Task objective
What lines of the data hold the string "using"? Copy them all.

______________________________

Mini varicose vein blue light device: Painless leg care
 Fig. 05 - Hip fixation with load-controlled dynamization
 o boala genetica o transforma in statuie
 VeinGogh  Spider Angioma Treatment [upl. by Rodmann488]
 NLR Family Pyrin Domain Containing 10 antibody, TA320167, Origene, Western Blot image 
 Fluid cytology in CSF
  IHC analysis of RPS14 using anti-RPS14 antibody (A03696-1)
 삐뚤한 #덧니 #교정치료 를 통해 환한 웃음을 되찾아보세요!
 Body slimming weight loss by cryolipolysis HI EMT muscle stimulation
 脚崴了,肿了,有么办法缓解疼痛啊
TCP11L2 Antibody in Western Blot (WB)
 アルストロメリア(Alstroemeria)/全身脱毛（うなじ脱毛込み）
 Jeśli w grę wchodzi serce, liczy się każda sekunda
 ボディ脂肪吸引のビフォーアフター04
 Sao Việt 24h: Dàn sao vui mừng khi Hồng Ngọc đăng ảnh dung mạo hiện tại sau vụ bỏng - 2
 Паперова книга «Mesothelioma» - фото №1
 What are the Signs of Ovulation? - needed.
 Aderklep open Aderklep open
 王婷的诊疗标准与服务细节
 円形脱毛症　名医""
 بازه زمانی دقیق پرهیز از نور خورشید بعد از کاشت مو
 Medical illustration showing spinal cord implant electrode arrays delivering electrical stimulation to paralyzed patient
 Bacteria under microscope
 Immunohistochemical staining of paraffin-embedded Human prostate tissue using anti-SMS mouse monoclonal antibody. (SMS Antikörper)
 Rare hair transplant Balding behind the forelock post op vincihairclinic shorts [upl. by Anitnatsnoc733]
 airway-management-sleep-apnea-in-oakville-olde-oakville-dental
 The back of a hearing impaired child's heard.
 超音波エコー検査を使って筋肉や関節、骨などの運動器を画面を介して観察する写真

______________________________

Answer for this exercise
  IHC analysis of RPS14 using anti-RPS14 antibody (A03696-1)
 Immunohistochemical staining of paraffin-embedded Human prostate tissue using anti-SMS mouse monoclonal antibody. (SMS Antikörper)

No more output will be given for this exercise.